[Scraped caption text data]

--- START ---

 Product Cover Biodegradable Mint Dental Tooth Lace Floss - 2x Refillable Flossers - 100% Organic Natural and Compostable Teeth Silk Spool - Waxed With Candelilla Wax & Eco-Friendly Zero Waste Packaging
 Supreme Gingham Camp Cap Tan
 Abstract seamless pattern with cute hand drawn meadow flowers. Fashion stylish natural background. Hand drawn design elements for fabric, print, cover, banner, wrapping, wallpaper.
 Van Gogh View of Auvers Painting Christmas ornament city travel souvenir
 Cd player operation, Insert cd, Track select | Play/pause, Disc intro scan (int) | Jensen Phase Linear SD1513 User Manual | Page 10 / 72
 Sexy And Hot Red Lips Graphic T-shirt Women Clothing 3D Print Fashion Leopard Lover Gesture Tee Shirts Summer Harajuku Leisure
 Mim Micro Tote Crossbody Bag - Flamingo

--- END ---
--- START ---

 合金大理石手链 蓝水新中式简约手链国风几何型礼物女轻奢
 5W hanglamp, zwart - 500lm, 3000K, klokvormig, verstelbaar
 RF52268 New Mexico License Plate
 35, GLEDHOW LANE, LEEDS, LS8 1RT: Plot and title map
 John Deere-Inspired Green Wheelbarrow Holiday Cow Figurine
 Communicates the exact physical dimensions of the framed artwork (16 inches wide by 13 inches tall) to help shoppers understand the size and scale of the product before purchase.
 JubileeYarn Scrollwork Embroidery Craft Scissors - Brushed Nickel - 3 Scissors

--- END ---

Work required
Tally how many lines of the records hold the word "Fashion". Answer with the number only.

Response area
2